# Undelivered Package



## BeantownZombie (May 1, 2016)

So I got an email reporting that a customer didn't receive a package I had marked delivered. IDK if anyone else has gotten this but the best part is while that email was sent to me at 8:26 pm at 8:28 pm they sent me an email with my weekly summary and didn't report me missing any packages. Let me know if you guys have have this before


----------



## Shangsta (Aug 15, 2016)

BeantownZombie said:


> So I got an email reporting that a customer didn't receive a package I had marked delivered. IDK if anyone else has gotten this but the best part is while that email was sent to me at 8:26 pm at 8:28 pm they sent me an email with my weekly summary and didn't report me missing any packages. Let me know if you guys have have this before


Read around my friend there are several threads about it and ways to minimize the risk of getting them

A) Your weekly report was for Wednesday thru Tuesday.
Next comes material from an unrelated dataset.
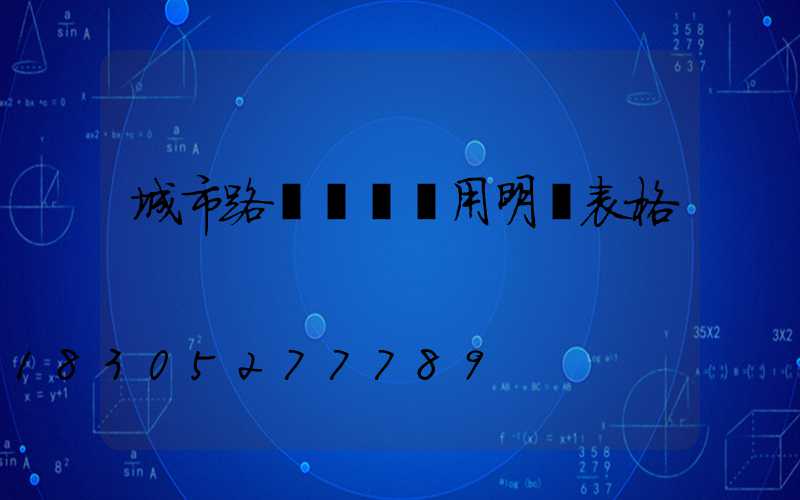 城市路燈維護費用明細表格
The missing package will be on next weeks report.


----------



## enigmaquip (Sep 2, 2016)

I thought the Weekly report matched the Sun-Sat work week.... according to the dates on mine it was 12/25 - 12/31


----------



## LA Cabbie (Nov 4, 2014)

BeantownZombie said:


> So I got an email reporting that a customer didn't receive a package I had marked delivered. IDK if anyone else has gotten this but the best part is while that email was sent to me at 8:26 pm at 8:28 pm they sent me an email with my weekly summary and didn't report me missing any packages. Let me know if you guys have have this before


For the first time ever, I got one just a day ago for a missing package on the 1st of January. I wrote them for more info and told them I don't leave a package unless instructed by customer service over the phone. Got your typical copy and paste email that effectively says this doesn't change anything. I'll check with the warehouse when I get there. Hoping it was a fluke email sent out en masse by accident...


----------